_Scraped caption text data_
○ ○ ○

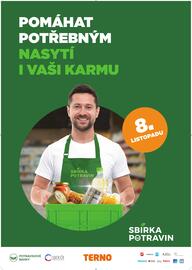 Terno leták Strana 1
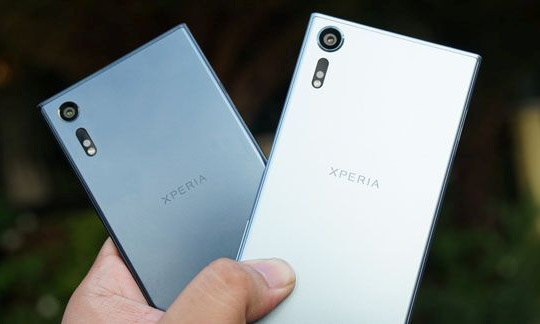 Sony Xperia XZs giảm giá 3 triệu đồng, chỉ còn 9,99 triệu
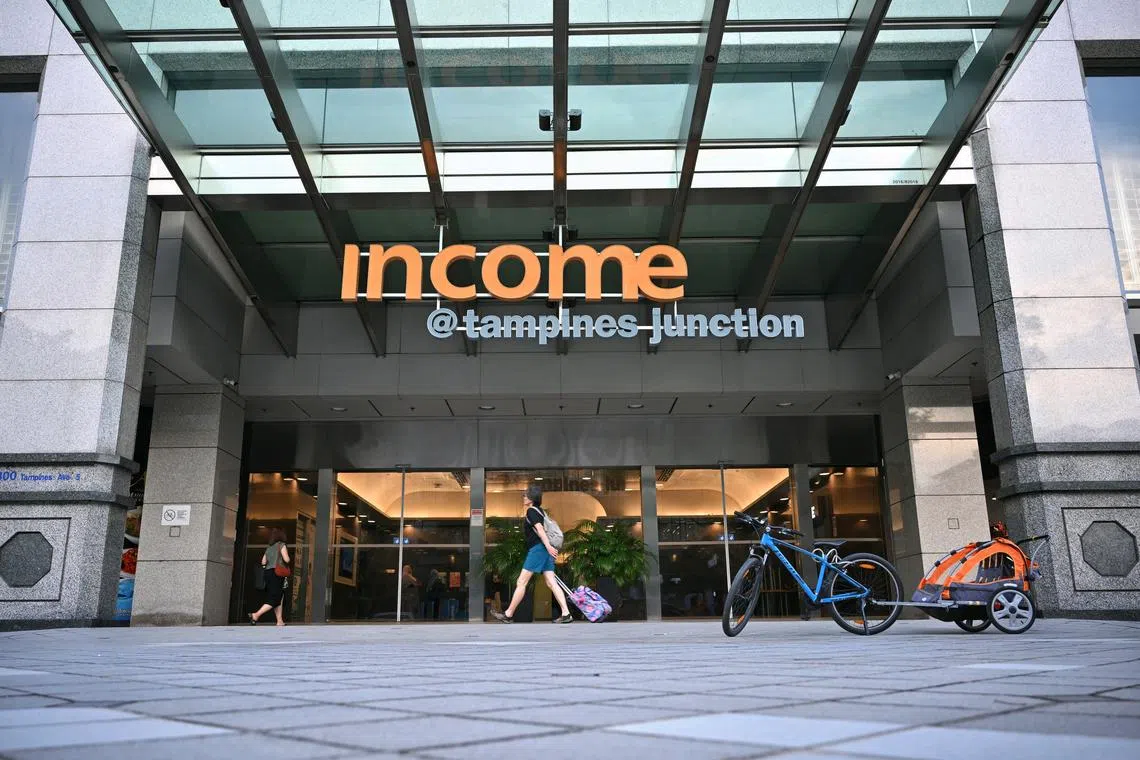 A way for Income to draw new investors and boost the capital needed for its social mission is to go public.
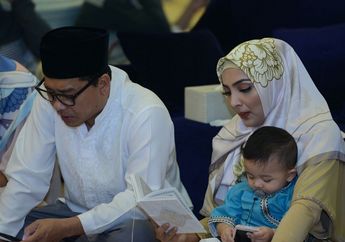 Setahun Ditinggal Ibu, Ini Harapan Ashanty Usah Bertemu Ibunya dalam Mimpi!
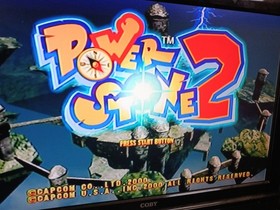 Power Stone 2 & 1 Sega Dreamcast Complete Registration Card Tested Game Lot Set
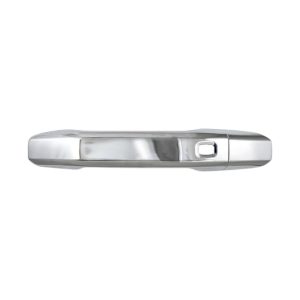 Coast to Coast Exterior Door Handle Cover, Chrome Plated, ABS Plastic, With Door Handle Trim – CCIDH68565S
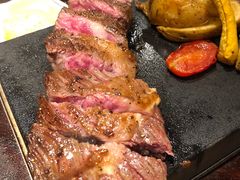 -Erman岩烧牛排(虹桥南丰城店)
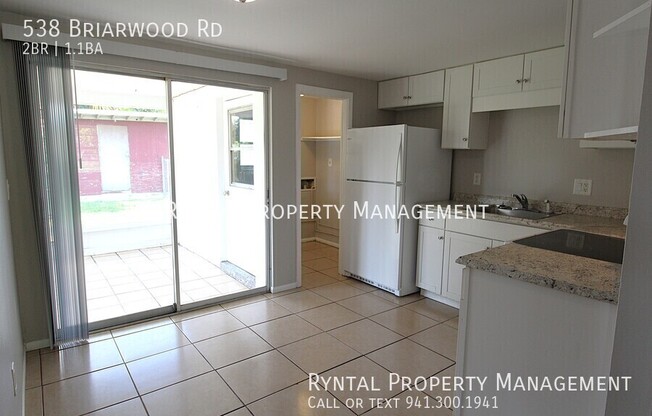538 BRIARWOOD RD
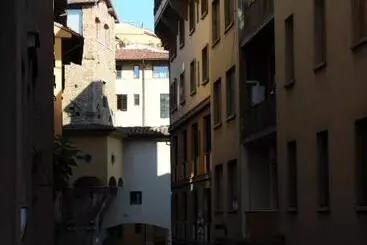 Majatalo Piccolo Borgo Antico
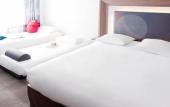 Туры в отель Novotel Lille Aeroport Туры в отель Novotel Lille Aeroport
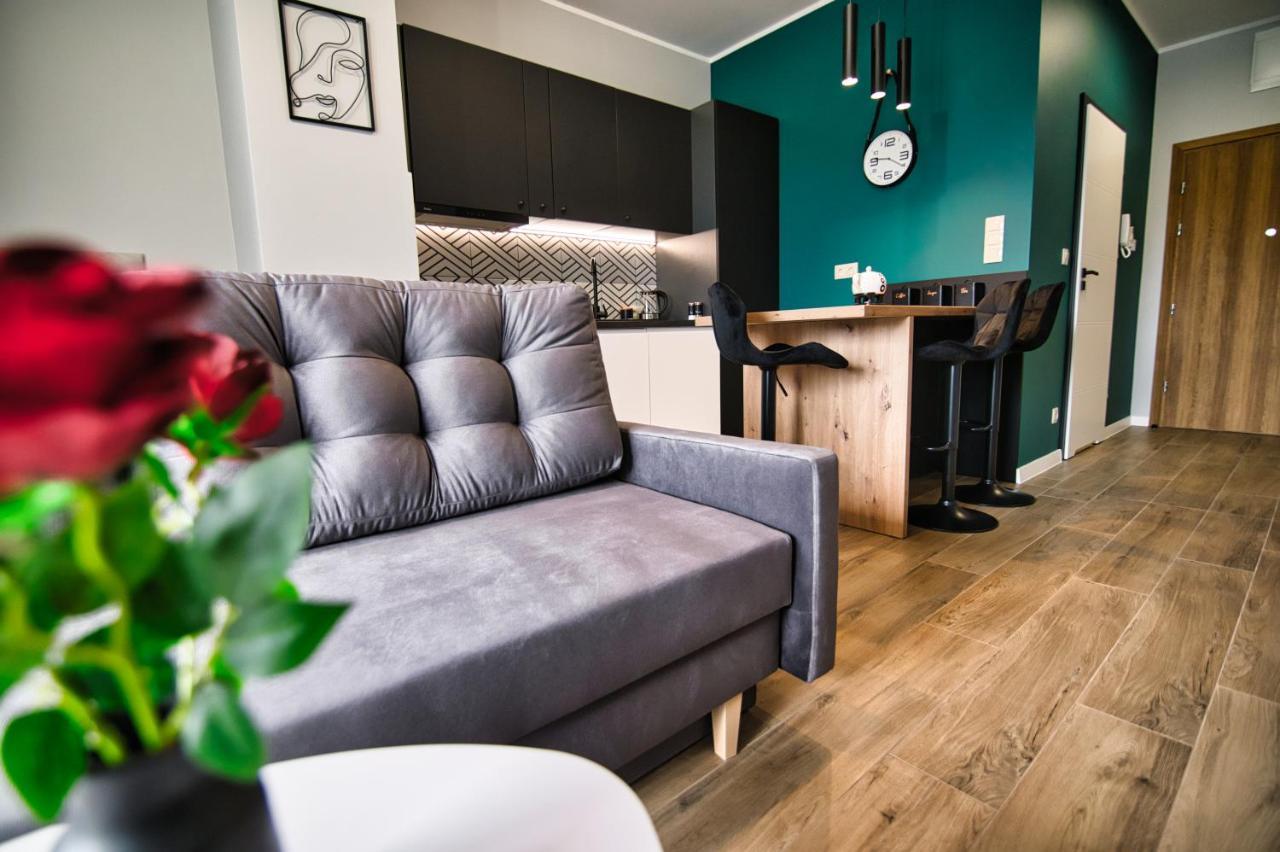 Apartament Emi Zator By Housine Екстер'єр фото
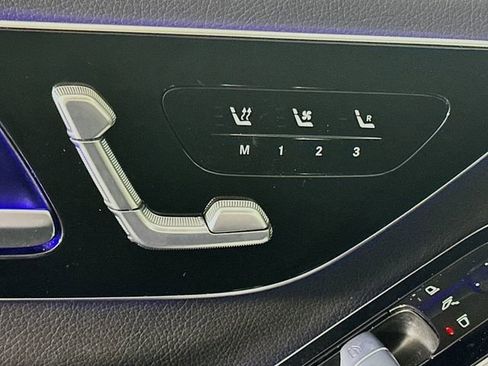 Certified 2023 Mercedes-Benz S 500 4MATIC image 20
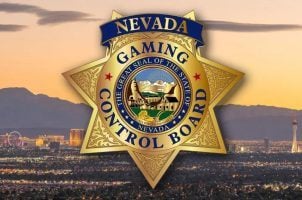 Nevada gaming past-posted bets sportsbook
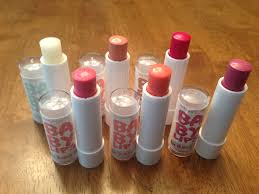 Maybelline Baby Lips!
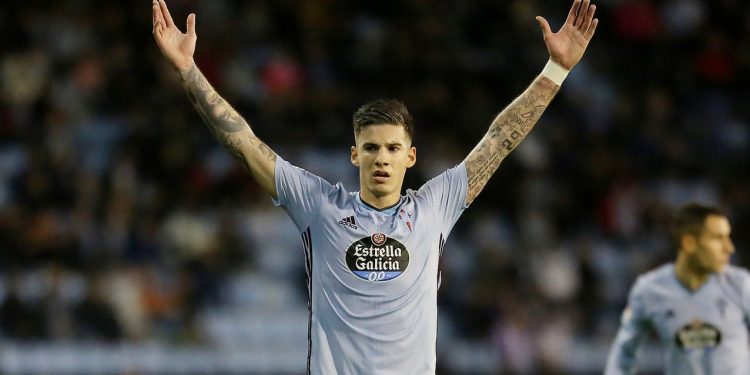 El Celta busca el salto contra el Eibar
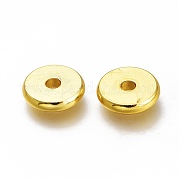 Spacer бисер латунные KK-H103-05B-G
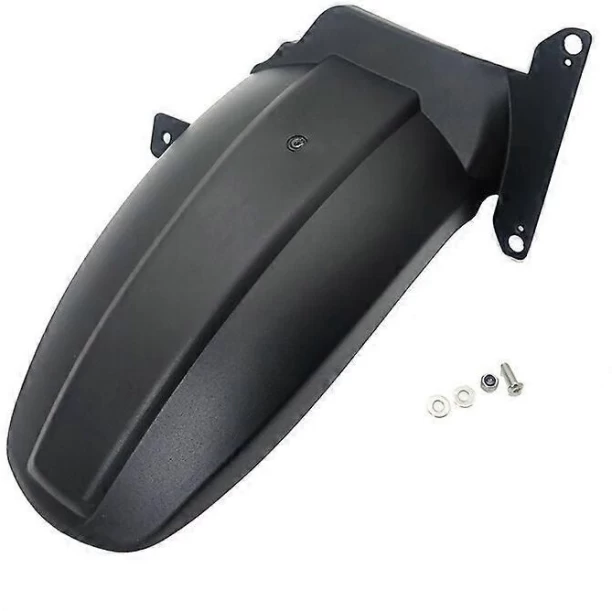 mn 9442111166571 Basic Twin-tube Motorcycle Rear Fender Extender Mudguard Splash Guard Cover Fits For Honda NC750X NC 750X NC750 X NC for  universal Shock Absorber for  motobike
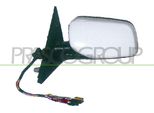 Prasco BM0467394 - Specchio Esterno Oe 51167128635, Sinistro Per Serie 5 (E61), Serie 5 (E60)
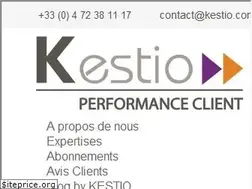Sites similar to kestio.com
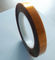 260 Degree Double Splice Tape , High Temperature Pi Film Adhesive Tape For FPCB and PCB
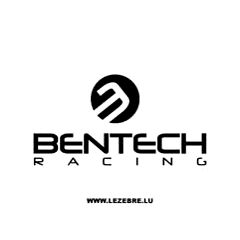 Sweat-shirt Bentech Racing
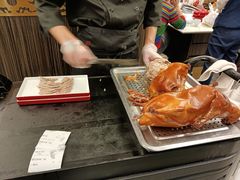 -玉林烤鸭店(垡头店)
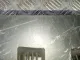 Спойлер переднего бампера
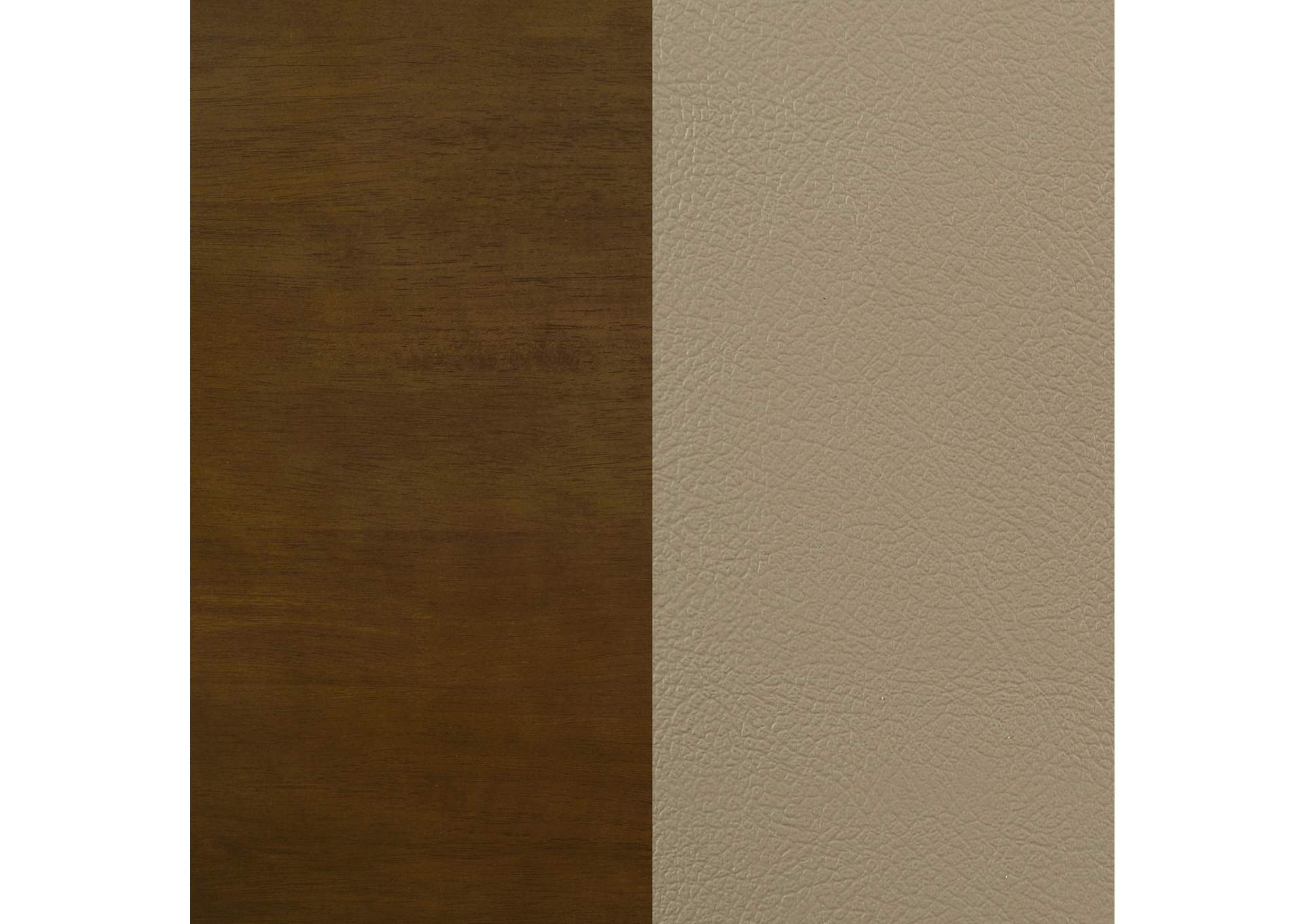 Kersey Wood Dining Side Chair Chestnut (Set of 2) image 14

○ ○ ○

_About this task_
Every line above should be output exactly, except for the pictures.

_Solved problem_
 Terno leták Strana 1
 Sony Xperia XZs giảm giá 3 triệu đồng, chỉ còn 9,99 triệu
 A way for Income to draw new investors and boost the capital needed for its social mission is to go public.
 Setahun Ditinggal Ibu, Ini Harapan Ashanty Usah Bertemu Ibunya dalam Mimpi!
 Power Stone 2 & 1 Sega Dreamcast Complete Registration Card Tested Game Lot Set
 Coast to Coast Exterior Door Handle Cover, Chrome Plated, ABS Plastic, With Door Handle Trim – CCIDH68565S
 -Erman岩烧牛排(虹桥南丰城店)
538 BRIARWOOD RD
 Majatalo Piccolo Borgo Antico
 Туры в отель Novotel Lille Aeroport Туры в отель Novotel Lille Aeroport
 Apartament Emi Zator By Housine Екстер'єр фото
 Certified 2023 Mercedes-Benz S 500 4MATIC image 20
 Nevada gaming past-posted bets sportsbook
 Maybelline Baby Lips!
 El Celta busca el salto contra el Eibar
 Spacer бисер латунные KK-H103-05B-G
 mn 9442111166571 Basic Twin-tube Motorcycle Rear Fender Extender Mudguard Splash Guard Cover Fits For Honda NC750X NC 750X NC750 X NC for  universal Shock Absorber for  motobike
 Prasco BM0467394 - Specchio Esterno Oe 51167128635, Sinistro Per Serie 5 (E61), Serie 5 (E60)
Sites similar to kestio.com
 260 Degree Double Splice Tape , High Temperature Pi Film Adhesive Tape For FPCB and PCB
 Sweat-shirt Bentech Racing
 -玉林烤鸭店(垡头店)
 Спойлер переднего бампера
 Kersey Wood Dining Side Chair Chestnut (Set of 2) image 14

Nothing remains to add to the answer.